Exercise description: Once you reach the line with "Woman wearing a" in the material below, copy each line exactly up to and including the line with "Kundan choker set", and skip the pictures.

Entries provided:

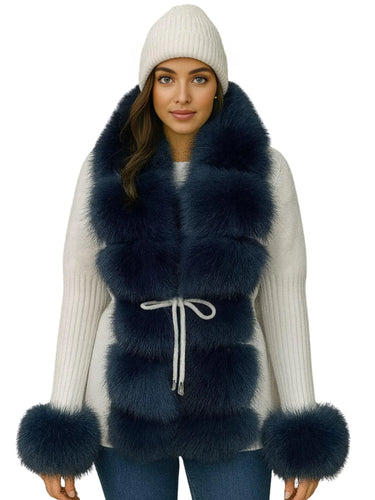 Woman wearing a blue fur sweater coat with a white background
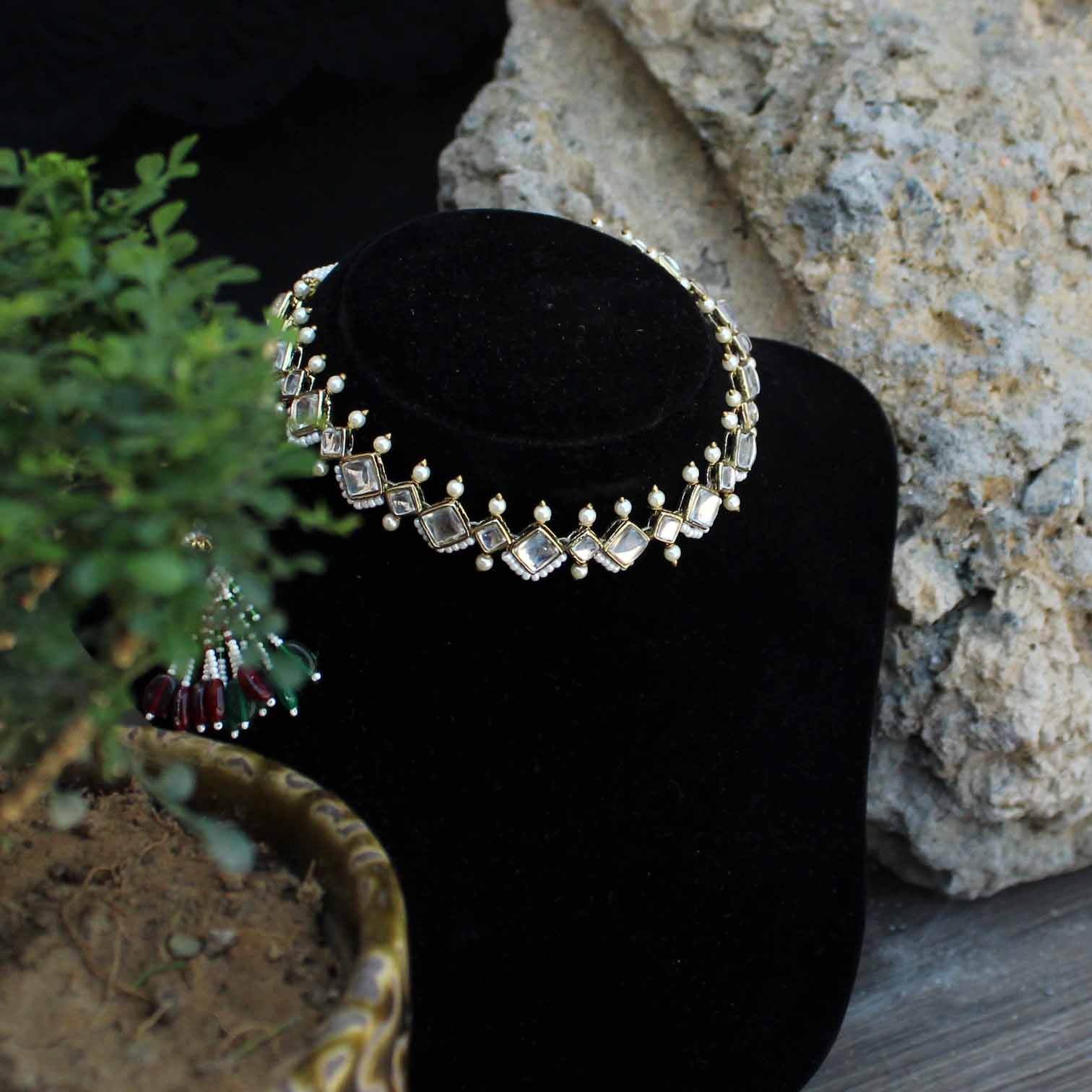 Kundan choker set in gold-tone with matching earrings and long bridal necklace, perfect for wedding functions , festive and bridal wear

---

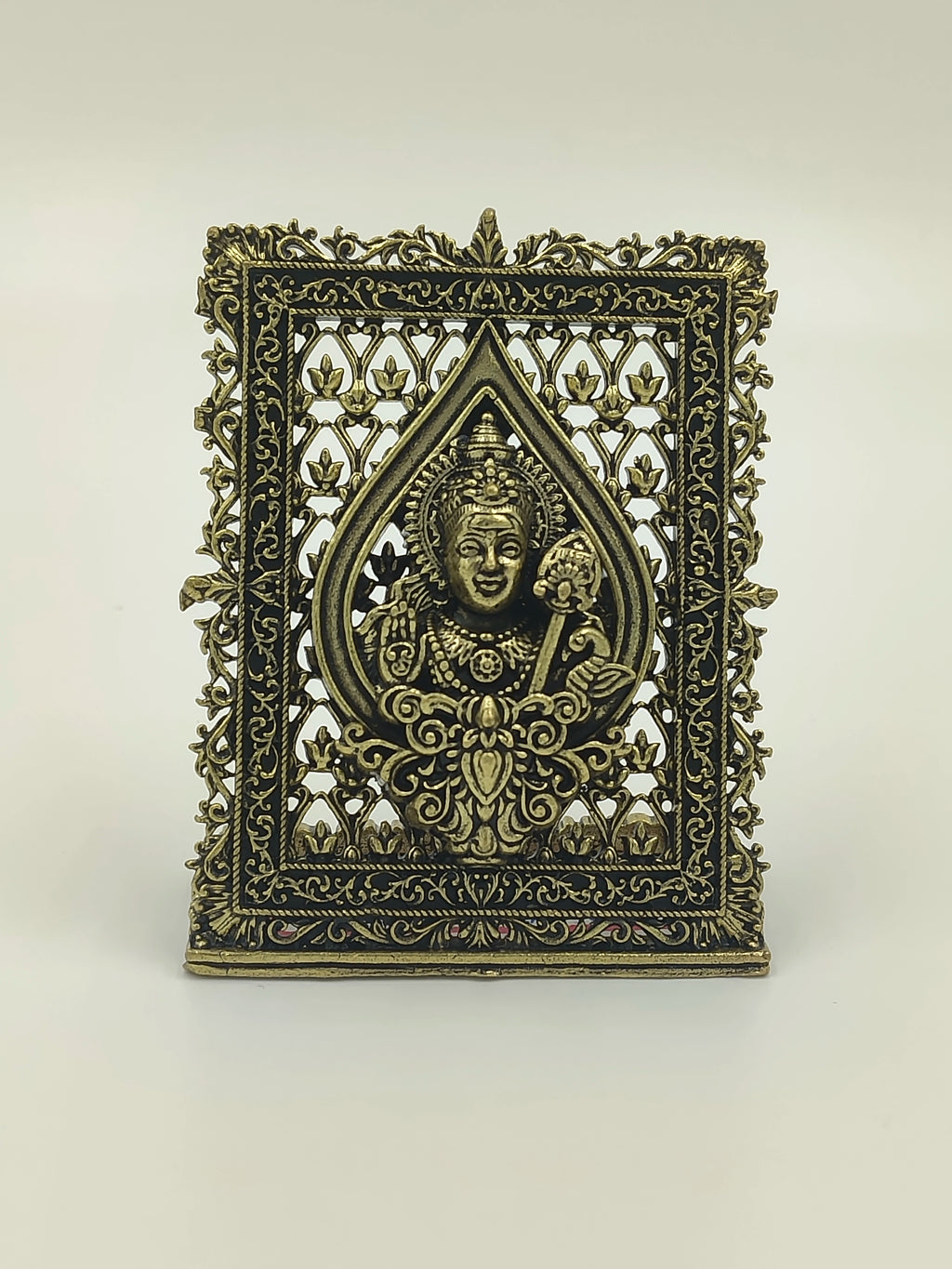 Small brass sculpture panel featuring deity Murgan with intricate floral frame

Response:
 Woman wearing a blue fur sweater coat with a white background
 Kundan choker set in gold-tone with matching earrings and long bridal necklace, perfect for wedding functions , festive and bridal wear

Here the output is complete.